The other document is entitled “The domestic situation of opposition movement against the SDF dispatch to Iraq.” It was compiled by the GSDF intelligence security headquarters based on information collected from across the nation. In the section about “the situation of opposition movements in cities,” the names of 289 organizations and individuals are cited. This document suggests that these SDF units were assigned to monitor the anti-Iraq war movement.

Shii quoted SDF sources as stating that the GSDF intelligence security units were “tasked chiefly to cover the anti-SDF Iraq dispatch movement and give greater importance to reporting the gathered information than any other kinds of information.”

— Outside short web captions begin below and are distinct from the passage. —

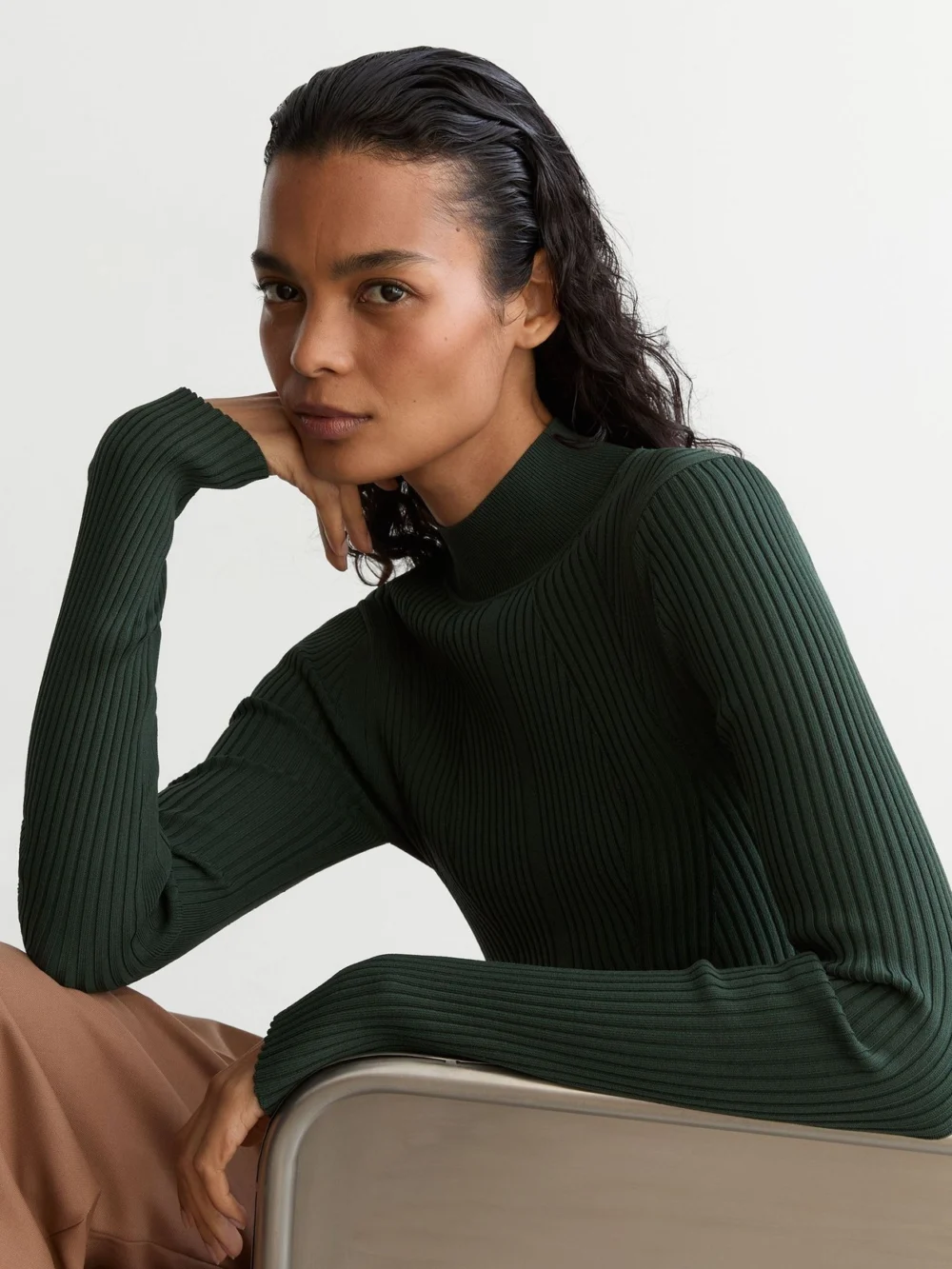Reiss Teal Green Rib-knit Mock-neck Jumper
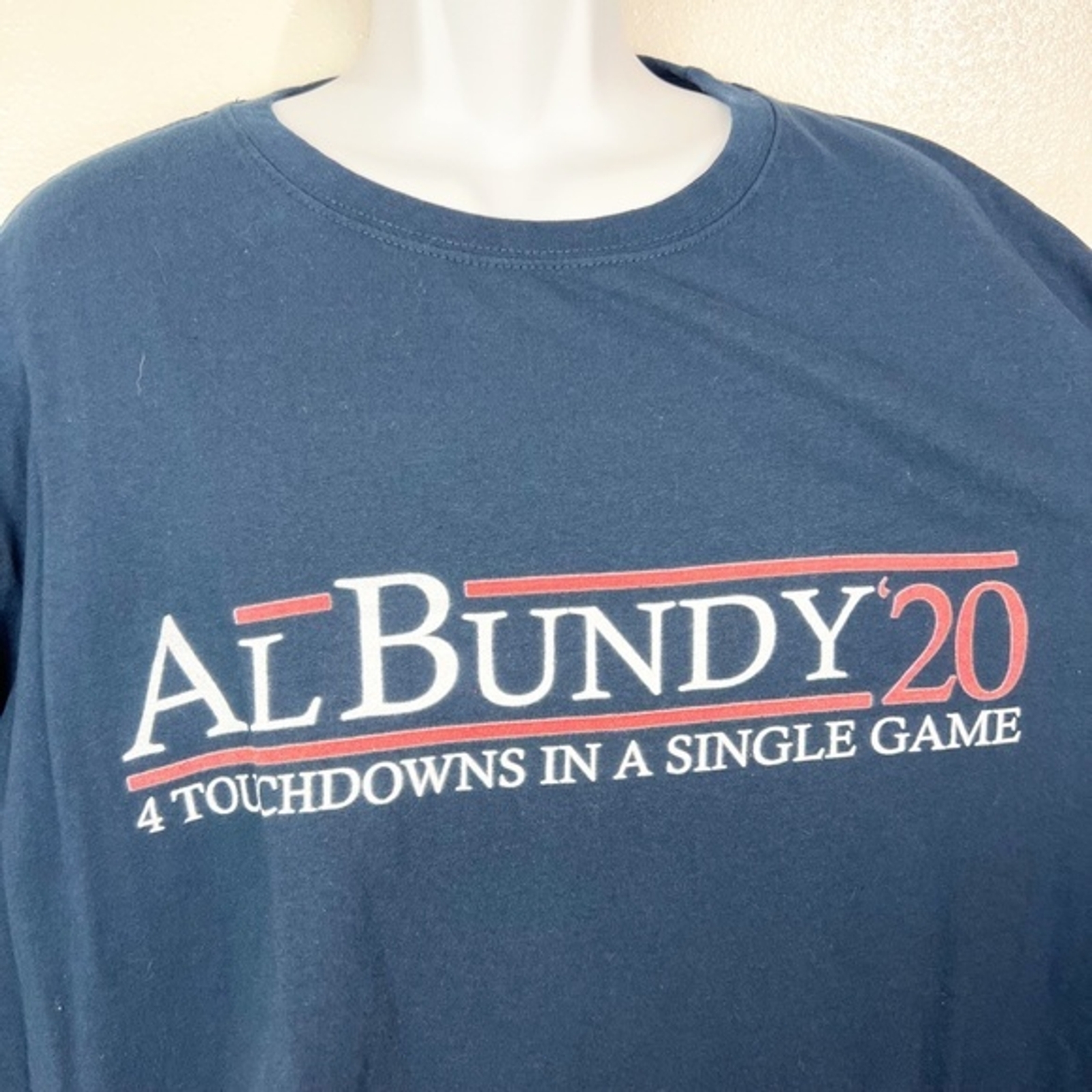 Bespoke Al Bundy Shirt Men 3XL Touchdown Married w/ Children Blue Tee Spellout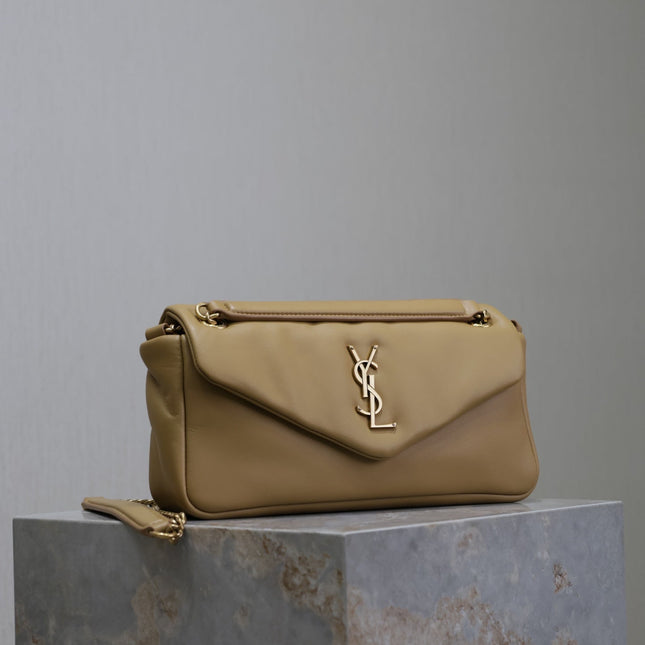 YSL 25S CALYPSO HANDBAG 26 IN LIGHT BROWN LAMBSKIN GOLD HARDWARE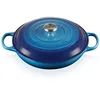 Image de Le Creuset Cocotte peu profonde avec couvercle en fonte émaillée Signature, 30 cm, 3.2 Litres, Azure, 21180302202430
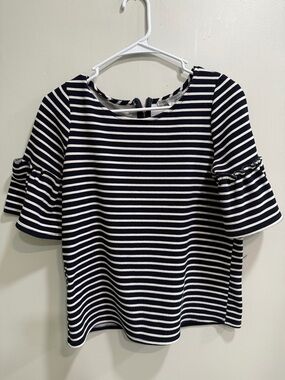 Green Envelope Navy and White Striped Ruffle Sleeve Top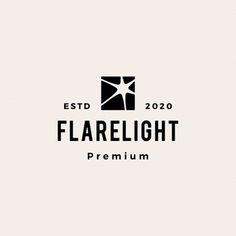 a black and white logo with the words, flarelight premium written on it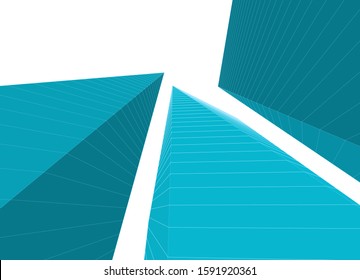 abstract architecture 3d illustration sketch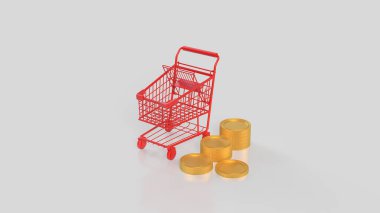 İş Konsepti için Kırmızı Alışveriş Arabası 3D Hazırlama.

Regarding how the SDF intelligence security unit was monitoring the public, Shii cited journalists’ coverage of GSDF activities at Samawah in Iraq and media reports in Japan, remarks by Yamada Yoji (film director) and other public figures, local governments’ actions, Dietmembers’ statements, activities by people of faith, and the movement of Muslim groups. “This is a serious breach of democracy.”

Shii specifically pointed out that the SDF’s surveillance of the general public goes against the constitutional freedom of assembly, association and expression, including the freedom of speech and the press (Article 21) and that “citing the names of individual persons or taking photos of participants in rallies are clear violations of Article 13 that guarantees the right to privacy. “These activities not only go against the Constitution. They are not justifiable even under the Self-Defense Force Law,” Shii added.

The SDF units violated not only the Constitution, but also the SDF Law that provides no legal basis for such spying activities.

Shii said that surveillance of the general public by the SDF, which is a military force, is an unconscionable act that brings back the repression of the prewar days when military police suppressed the general public before and during World War II.”

Shii said the JCP will take up this issue in the Diet, stressing that the task now is to prevent the truth about the surveillance from being covered up and to have such illegal act discontinued.”

Later in the day, Deputy Minister of Defense Moriya Takemasa told reporters that he acknowledges that the SDF carried out the research and compiled them in reports.

The “intelligence security unit,” set up in each of the ground, maritime, and air self-defense forces under the direct jurisdiction of the Defense Minister, was reorganized in March 2003 from the former “research unit.” Chiefly composed of Ground SDF members, the unit reportedly has about 900 personnel.